Just because it’s passing doesn’t mean it’s not intensely frustrating, however, especially if a deadline is looming.
If you’re looking to get past a bout of writer’s block, here are some tips.
- Read documents similar to what you want to write. Researchers refer to this as “collaborative ideation.” Obviously, you don’t want to duplicate or plagiarize someone else’s work, but reviewing how others have created similar documents can get the creative juices flowing for generating your own ideas.
- Do something else for a while. Sometimes your brain just needs a break. You might choose to do something monotonous, like housework or taking a shower (already a famous place for having creative epiphanies). Getting outside – taking a walk or working in the garden – can also be helpful. Sunshine and oxygen can be reinvigorating for the mind as well as the body.
- Strengthen your writing muscles. While writer’s block affects all writers, it doesn’t affect them all equally. Those who write more often and have sharpened their writing skills may be less affected by it or affected less frequently. Getting some training in writing skills and turning writing into a daily (or near daily) routine can help. This can be especially helpful if the writer’s block is recurrent.

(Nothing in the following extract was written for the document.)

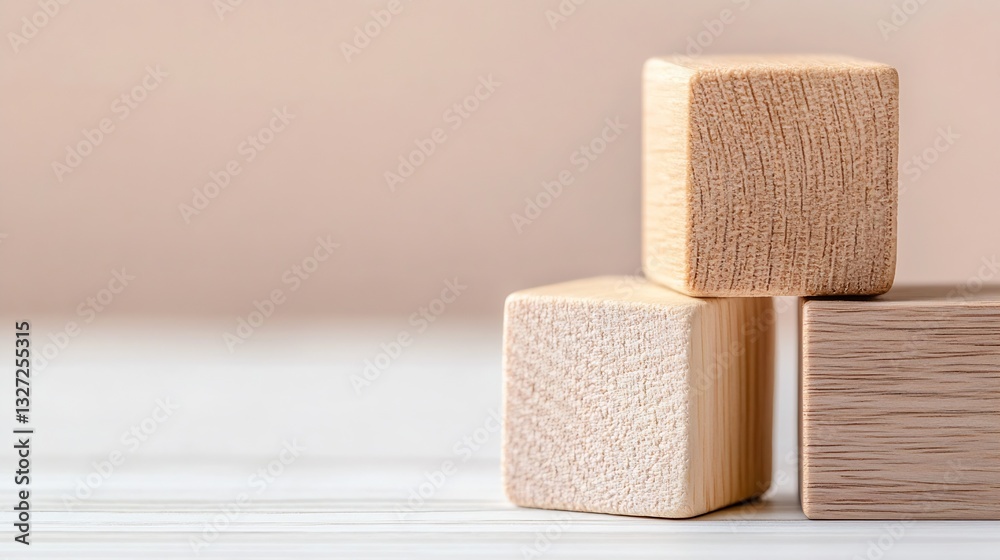 Poster Minimalistic Arrangement of Wooden Blocks on a Neutral Background for Design : Generative AI
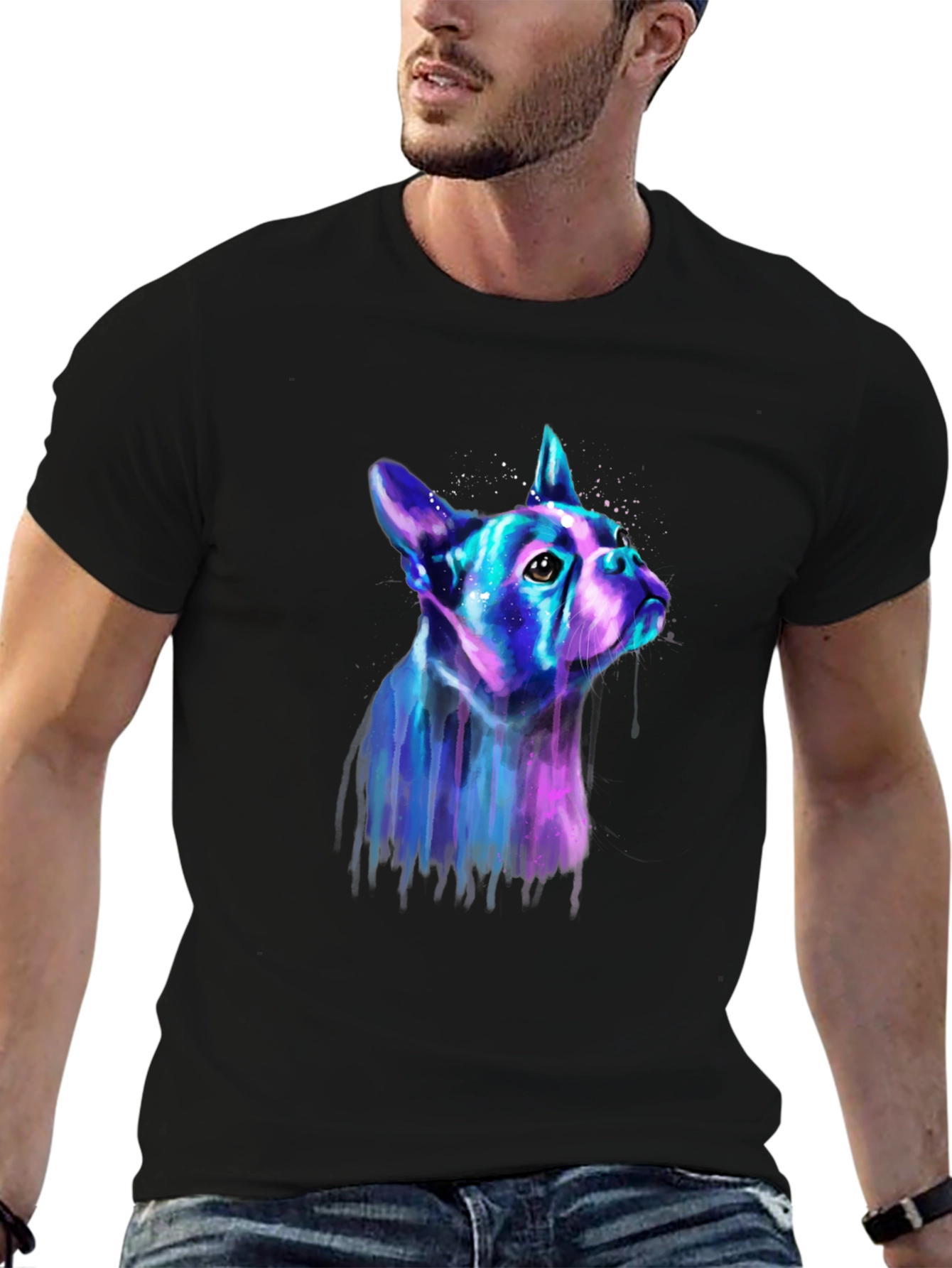 Neon Dog Graphic Tee - Mens Black T-Shirt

- Back up and pre-write instead. Instead of diving into the full-on act of writing, take a step back and do a precursor activity. We call this “pre-writing.” It can involve mind-mapping, freewriting, brainstorming, and more. It puts your mind into a different mode from turning thoughts into words. Then, once you’ve got a few sharp ideas to work with, it might be easier to return to the page.
- Reschedule. Maybe you’re trying to write off your personal peak. Instead, reschedule the task for a time when you know you’ll have more energy – maybe first thing in the morning (or second thing, after you’ve had a cup of coffee). In other cases, just waiting a little while can help. In most cases, writer’s block is a short-lived phenomenon and will pass on its own.
- Clear your plate. For many business professionals, writing tasks are just one more thing on the to-do list. Overwhelm and sheer busyness can definitely contribute to writer’s block. It may help to slim down your obligations to the best of your ability, at least for a little while, to be able to devote time to the writing project without distractions.